I'm Quite new to programming the ESP8266 with Arduino, I'm at the stage of cutting and pasting code from various sources to create what I need and learning along the way.
Hardware: ESP8266 board, 2.8" TFT Screen and a DS18B Temp Sensor
I've put together a datalogging sketch to log data to the screen over the past 48 hours as well as sending to a MQTT server for more long term storage.
HOWEVER
I have the updating of the data points drawn on the screen (and hence logging rate) via a time delay.

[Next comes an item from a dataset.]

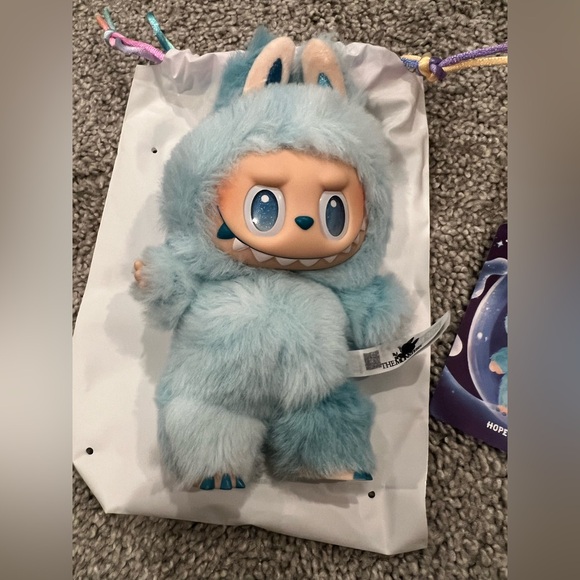 Labubu - Picture 3 of 6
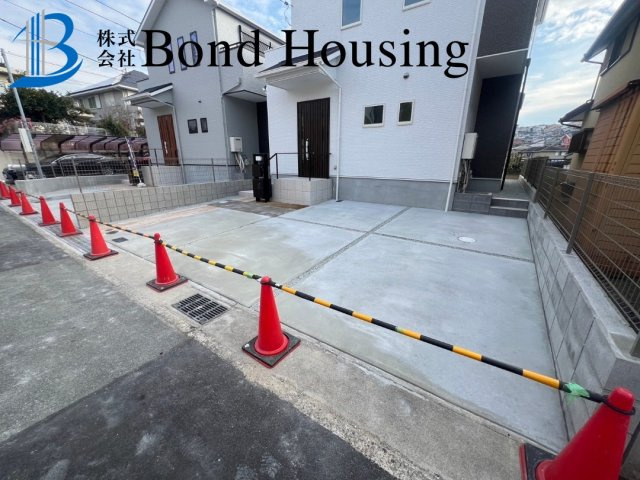 小中学校近くで便利　つつじが丘6丁目2区画　B号棟の駐車場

I'm finding that under testing with a fast update / delay of 10,000 ms (10seconds) actually translates to more like 11 seconds between updates.
So I'm assuming something else in the code is skewing what I want to be the update / logging rate, and hence using a "delay" is not the best thing to use to set logging rate.

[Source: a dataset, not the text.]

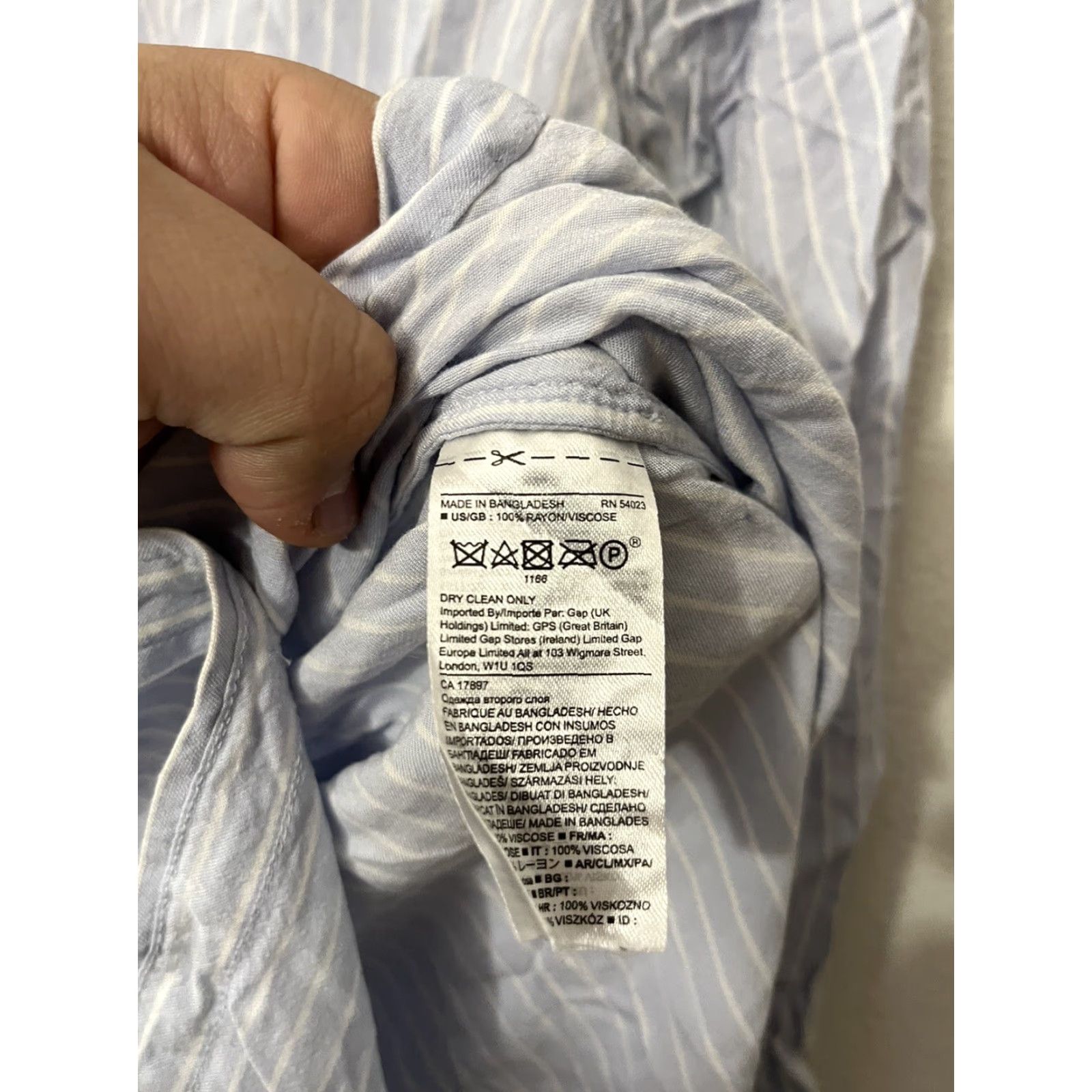 Banana Republic Banana Republic Parker Tunic Blouse Buttondown Rayon Blue Stripe Small Women Shirt Long Sleeve Collar Viscose Lightweight Size S / US 4 / IT 40 - 6 Thumbnail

Any ideas on what would be a better way and (as I'm a beginner) how to implement it.
include <Wire.h>
#include <SPI.h>
#include <OneWire.h>
#include <DallasTemperature.h>
#include <ESP8266WiFi.h>
#include <Ticker.h>
#include <AsyncMqttClient.h>
#include <PubSubClient.h>
#include "Adafruit_GFX.h"
#include "Adafruit_ILI9341.h"
#include <Fonts/FreeSerif9pt7b.h>
#include <Fonts/FreeSans9pt7b.h>
#define TFT_DC D4
#define TFT_CS D8
#define WIFI_SSID
#define WIFI_PASSWORD "
#define MQTT_HOST IPAddress(192, 168, 1, 113)
#define MQTT_PORT 1883
#define MQTT_PUB_TEMP "esp/ds18b20/temperature"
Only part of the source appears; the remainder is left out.